Построение концептуальных и прогностических моделей общественного развития сопровождалось плюралистической непринужденностью: «постиндустриальная» (Д. Белл), «посткапиталистическая» (Р. Дарендорф), «постцивилизованная» (К. Болдуинг), «постсовременная» (А. Этциони), «постбуржуазная» (Г. Лихтгейм), «нового индустриального» (Дж. Гэл-брейт), «индустриального в фазе зрелости» (Р. Арон), «продвинутого индустриального» (Г. Маркузе), «сверх индустриального» (А. Тоффлер), «технотронного» (3. Бжезинский). Для инновационных концепций характерна единая методологическая основа - парадигма реиндустриализации и перерастания индустриального общества в «постиндустриальное».
Реиндустриализация рассматривалась как новый этап НТР, в котором наука и техника больше не являлись врагами человека и его естественного окружения, а формировали ресурсосберегающую (эко-разумную) экономику, трудосберегающее производство и электронно-информационную культуру. Для неё приоритетами выступали общечеловеческие ценности и выживание человечества как главные императивы эпохи. При этом «постиндустриальное» развитие трактовалось в том смысле, что оно вело к технотронному, сверхиндустриальному обществу, в котором преобладающая часть общественной жизни концентрируется на непромышленной деятельности — сфере потребления и услуг. Постиндустриальное общество — это информационное общество, которое приходит на смену трудовому и является его отрицанием. В нем информация (а не труд) является системообразующим фактором новой социальной реальности.

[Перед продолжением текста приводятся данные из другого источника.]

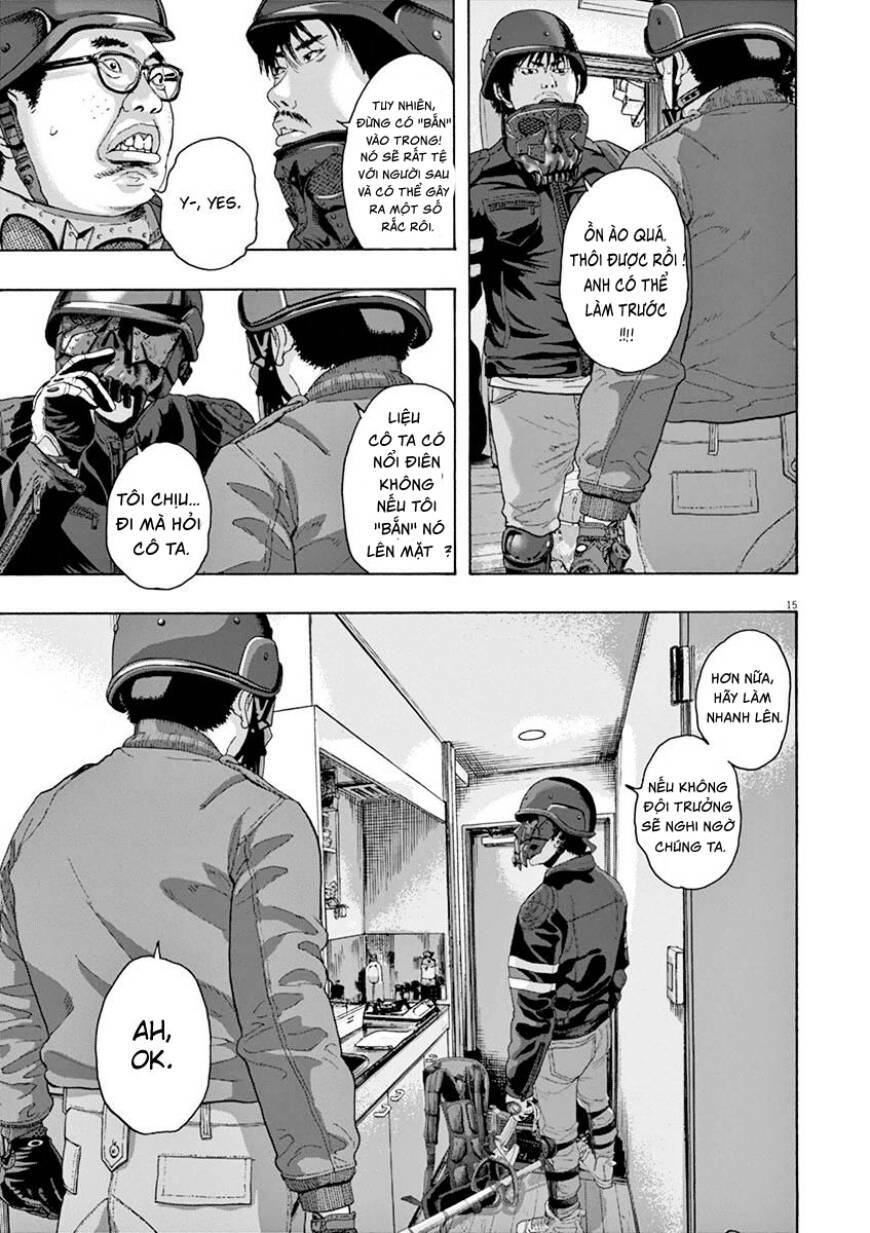 tôi là người hùng chapter 222 14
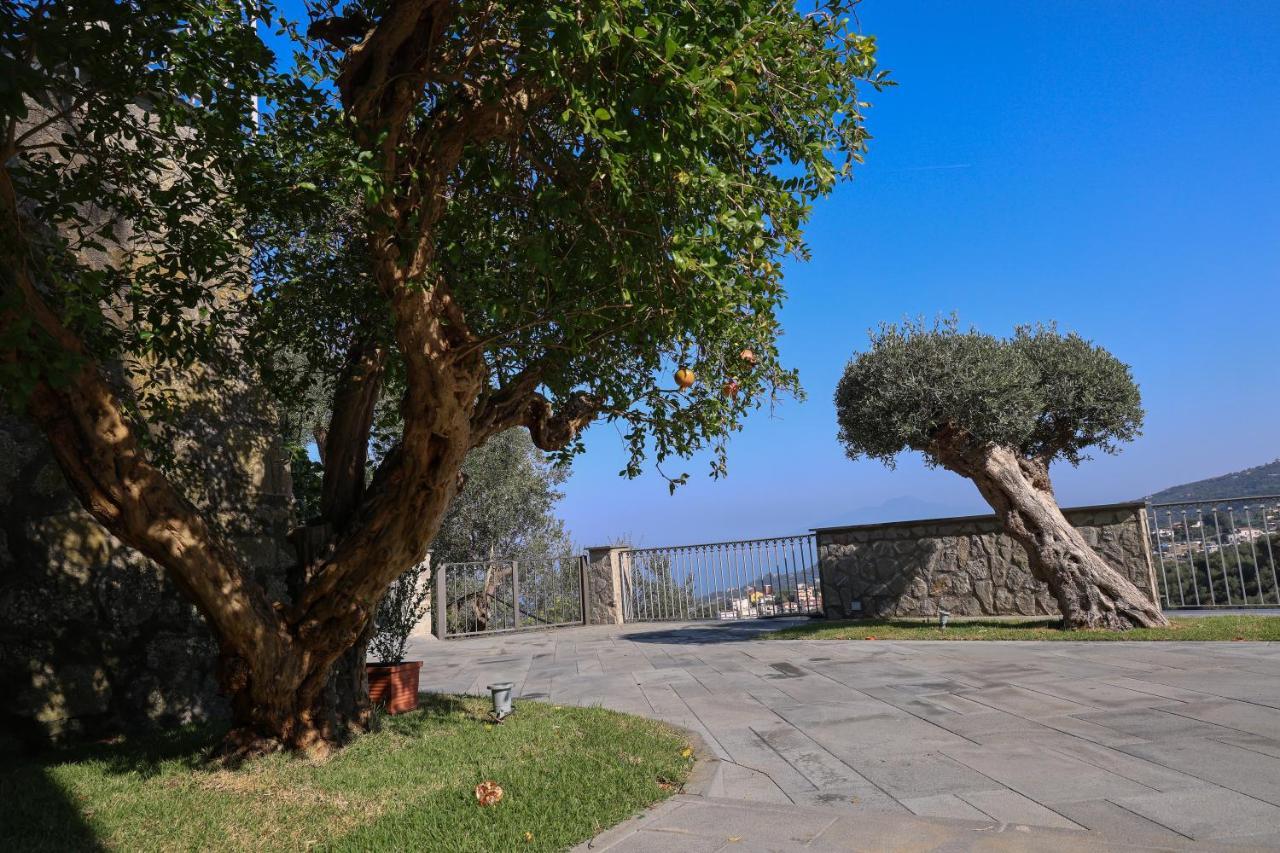 Villa Italia Sorrento Termini Extérieur photo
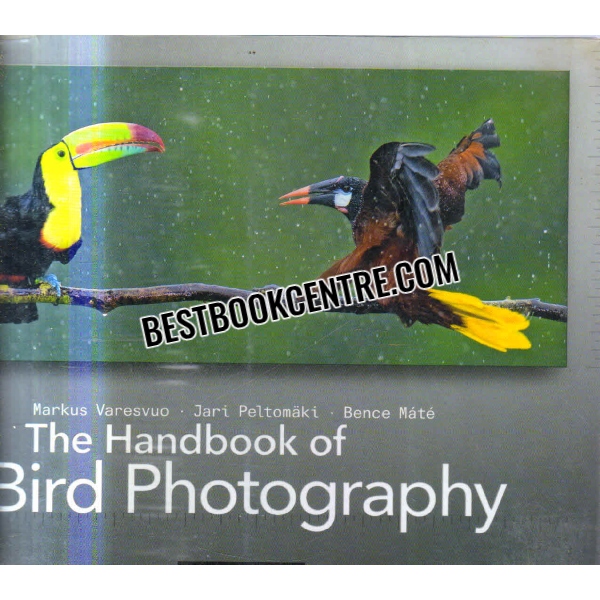the handbook of bird photography 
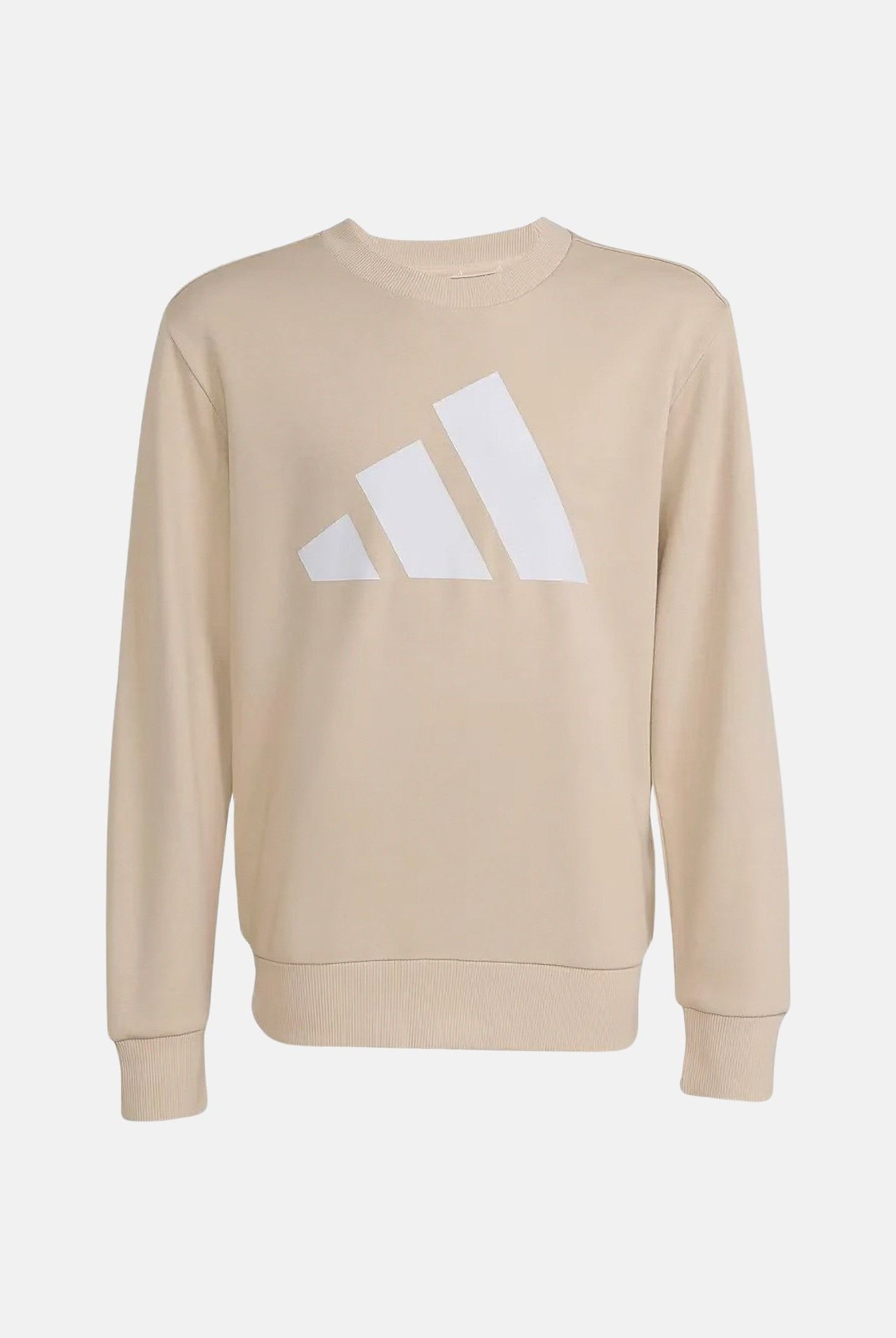 ADIDAS PERFORMANCE Tuta Essentials beige per bambino e bambina KE1229 . ADIDAS PERFORMANCE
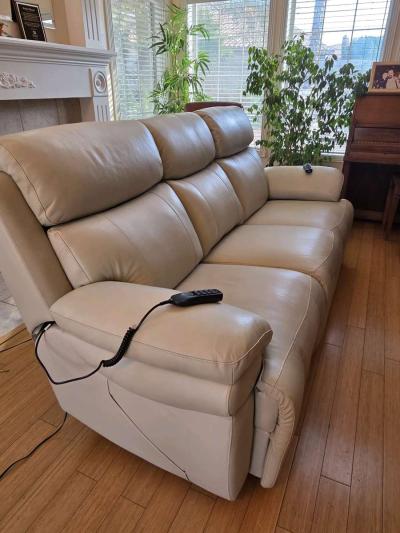 beautiful power sofa - Thumbnail 3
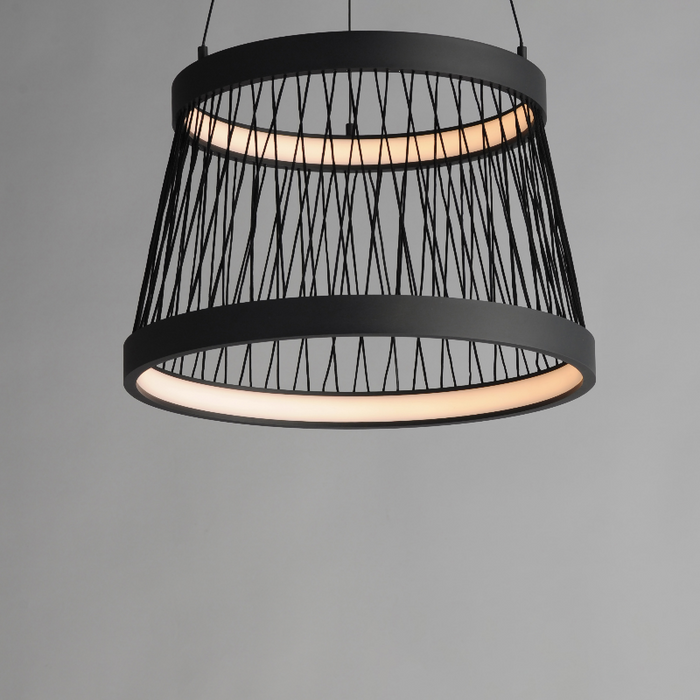 ET2 E20982 Loom 2-lt 19" LED Pendant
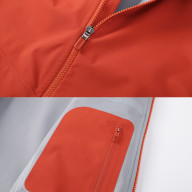 Демисезонная куртка KELME Jackets Orange - Демисезонная куртка KELME Jackets Orange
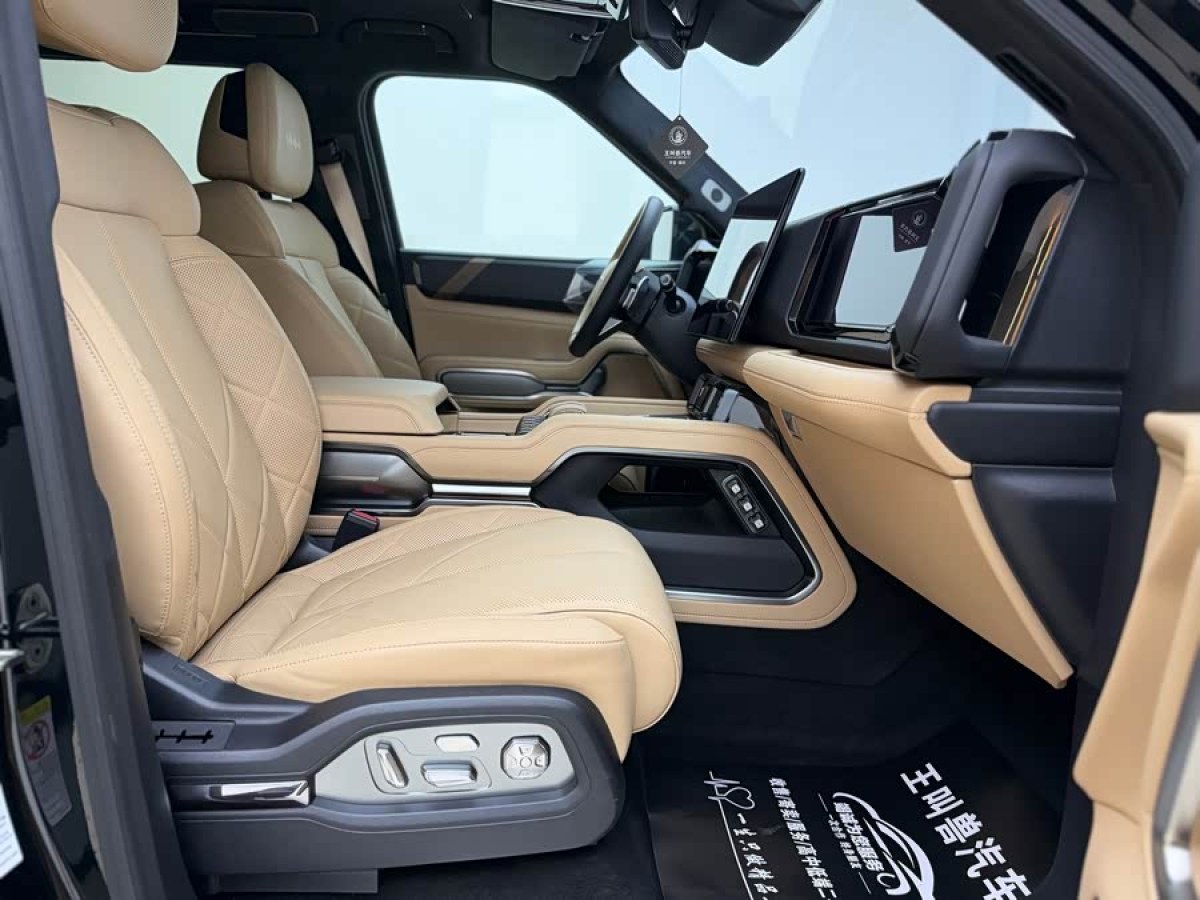 FangChengBao Leopard 8 2025 imagem de carro #5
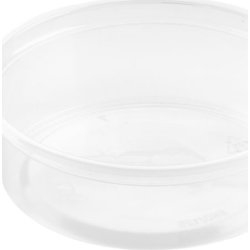 Plastform PP rund 125ml 50/fp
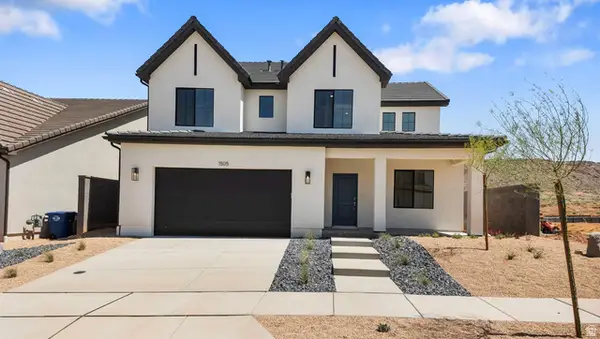 1941 S Swamp Mesa Dr, Washington, UT 84780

Данный конструктивистский (рационалистический) подход рассматривал социальные системы и институты как искусственные образования, т. е. как созданные людьми по заранее заданному проекту. Чтобы не допустить (приостановить) их хаотического развития, необходимы социальное управление и контроль, ставящие социальные процессы в определенные рамки1. Тем самым восстанавливались в правах концепции технологического прогресса, ориентированные на социоинженерные преобразования, ведущие с помощью науки и научных методов к «достойному человека обществу». В то же время отвергающие политические действия как неэффективный способ переустройства человеческой жизнедеятельности. Соответственно, парадигма антииндустриализма, пессимистические выводы глобалистики и теорий «пределов роста», опровергались как «безнадежно неправильные» (Саймон Дж., Кан Г. Изобильная планета. Ответ на «Глобальные проблемы 2000 года», 1984). Им на смену приходит оптимистический прогноз, вселяющий уверенность и повышающий готовность социальных организаций и отдельных людей участвовать в созидательной деятельности, поощряющей содействие разумной политике и вселяющей надежду.
Список используемой литературы.
1. Шамшурин В.Н. История русской социологии и интеллектуальная история. //Социс, 1995 г., № 3.